Without a TACO solution, managing Terraform at scale can quickly devolve into a chaotic mess. Teams might struggle with:

  • State Management: Securely storing, locking, and versioning Terraform state files across distributed teams is a major hurdle. Manual intervention can lead to conflicts and inconsistencies.
  • Collaboration: Coordinating changes, reviewing plans, and approving deployments across different engineers and teams becomes cumbersome.
  • Governance and Security: Enforcing consistent policies, ensuring compliance, and preventing misconfigurations manually is nearly impossible.
  • Self-Service: Empowering developers to provision infrastructure safely and efficiently, without becoming Terraform experts, is a common pain point.
  • Visibility and Auditing: Tracking who did what, when, and why across all infrastructure changes is crucial for accountability and debugging.

TACO solutions directly address these challenges by providing a centralized platform that brings automation, collaboration, and governance to your Terraform operations.

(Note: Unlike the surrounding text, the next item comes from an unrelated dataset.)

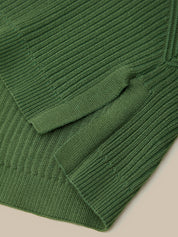Close-up of a dark green ribbed knit fabric, showing the texture and folded edges of a garment on a light beige background.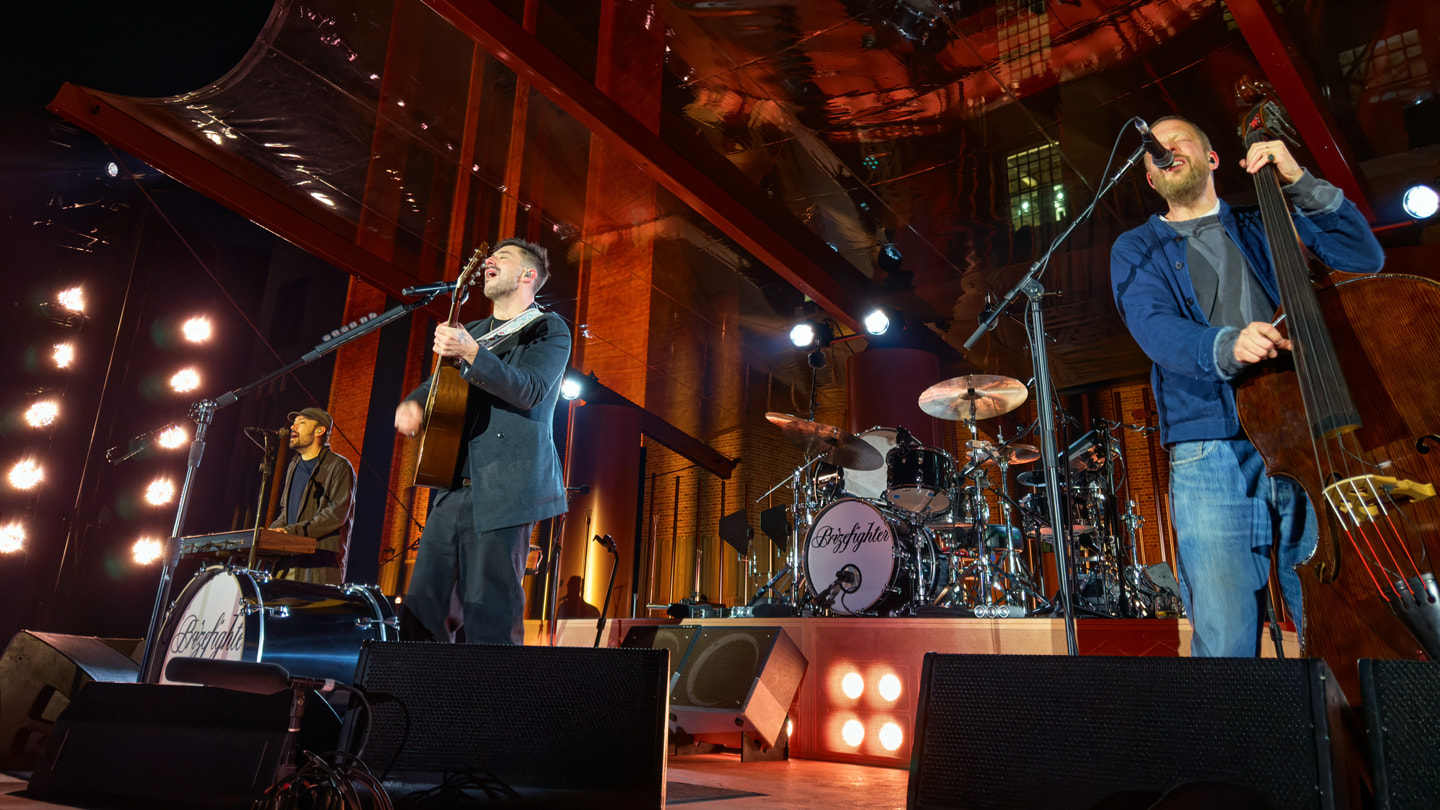 Mumford & Sons 乐队成员在伦敦 Apple Battersea 零售店外的舞台上表演。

Core Features of a Terraform TACO

A robust Terraform TACO solution typically offers a suite of features that transform how organizations manage their IaC:

  • Remote State Management: Securely stores Terraform state files, providing locking mechanisms to prevent concurrent modifications and maintaining a history of changes.
  • Version Control System (VCS) Integration: Tightly integrates with popular VCS platforms like GitHub, GitLab, and Bitbucket, enabling GitOps-driven workflows where infrastructure changes are triggered by pull requests.
  • Role-Based Access Control (RBAC): Granular control over who can perform which actions (e.g., plan, apply) on specific environments or projects, ensuring adherence to the principle of least privilege.
  • Policy as Code: Allows organizations to define and enforce policies using languages like Open Policy Agent (OPA) or proprietary engines. These policies can block non-compliant deployments, ensure security standards, and manage costs.
  • Automated Runs: Automates Terraform plan and apply operations, often triggered by VCS events or on a schedule, reducing manual errors and speeding up deployments.
  • Drift Detection: Continuously monitors your deployed infrastructure against your Terraform code, alerting you to any discrepancies and even offering automated or guided remediation options.
  • Private Module Registry: Provides a centralized repository for reusable Terraform modules, promoting standardization, reducing duplication, and enabling self-service for developers.
  • Cost Estimation: Integrates with cost analysis tools (e.g., Infracost) to provide cost estimates during the planning phase, helping teams make informed decisions and manage budgets.
  • Audit Trails and Observability: Offers comprehensive logs and dashboards to track all Terraform activities, providing visibility into infrastructure changes and aiding in troubleshooting.
  • Custom Hooks and Integrations: Allows for the injection of custom scripts or integration with external tools (e.g., Slack, ITSM) at various stages of the Terraform workflow.
  • Self-Hosted Agents: Agents allow users to execute runs on their own infrastructure due to networking or security reasons.

Terraform TACOs vs. DIY:

When it comes to automating Terraform workflows, many organizations initially lean towards a DIY approach, leveraging general-purpose CI/CD tools like GitHub Actions, GitLab CI/CD, Jenkins, or similar. While these tools are powerful and offer a decent starting point for basic automation, it's important to understand their limitations when compared to dedicated TACO solutions.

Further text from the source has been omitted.